Se ti dicessi che è stato fatto un buon mercato di riparazione in difesa e a centrocampo, ma insufficiente in avanti, cosa mi rispondi?
“Se guardiamo alla tabella dei gol fatti, siamo quinti anche in questo. Non dimentichiamo che abbiamo dovuto rinunciare improvvisamente a Spilabotte, uno che aveva già segnato tanto e avrebbe potuto girare tranquillamente in doppia cifra. Ma, come dicevo prima, credo sempre che le squadre si costruiscano intorno ad under di valore. Ecco, partire nei tempi giusti mi sarà di aiuto perché avrò il tempo di monitorare raduni e partite in cui potrò valutare quei giovani in grado di far parte di un progetto come il nostro.

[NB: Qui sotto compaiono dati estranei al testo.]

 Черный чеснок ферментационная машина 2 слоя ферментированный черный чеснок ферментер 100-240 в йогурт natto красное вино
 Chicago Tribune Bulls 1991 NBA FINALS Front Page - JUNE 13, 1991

Il cerchio si allargherà riguardo l’inserimento dei 2000 e dei 2001. Non nascondo, però, che già abbiamo un buon materiale in casa tra i 2000. Penso a Fusco, convocato al Torneo delle Regioni e alla Roma Caput Mundi, Bassi, un buon centrale difensivo che ha giocato anche domenica a Volla, e Palladino, un centrocampista ben strutturato. E poi i due Capasso, uno 2000 e l’altro 2001. Ripeto, ci sarà una base di over confermata e immagino di prendere un elemento esperto per reparto che possa fare la differenza. Certamente mi rendo conto che davanti serviranno almeno due elementi forti”.
I giovani, argomento dolente emerso dal recente flop delle nostre rappresentative al Torneo delle Regioni…

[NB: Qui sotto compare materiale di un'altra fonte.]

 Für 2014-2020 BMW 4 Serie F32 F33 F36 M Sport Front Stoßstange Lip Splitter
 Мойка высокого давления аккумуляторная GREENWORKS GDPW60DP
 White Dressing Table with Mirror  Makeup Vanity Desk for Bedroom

“Io ho maturato un po’ di esperienza nel vivaio del Giugliano e nello scouting della Ternana. Due società che hanno portato loro giocatori in serie A. Le rappresentative vanno strutturate a settembre, è quello il mese in cui si allestisce un gruppo. Occorrono almeno cinque osservatori capaci di attivarsi a 360°, magari guardando più partite al giorno. Tutti devono essere diretti da un coordinatore e, infine, c’è la scelta di allenatori veri, di professione. Qui subentra l’aspetto economico e la necessità di indirizzare risorse verso questi obiettivi. Non bastano i rimborsi, ci vogliono ingaggi veri e propri. Questo se davvero si vuole chiedere lo sforzo a chi di dovere di garantire aggiornamenti costanti, relazioni e banche dati comprensive di tutte le caratteristiche dei ragazzi nel dettaglio. Mensilmente servono poi riunioni tecniche tra tutti questi soggetti all’interno di un tavolo operativo che genera un confronto continuo. Se una squadra di vertice non ha avuto propri convocati, vuol dire che c’è un problema di fondo. Anche i raduni delle rappresentative devono essere frequenti, quasi mensili. E alla presenza degli osservatori e del coordinatore”.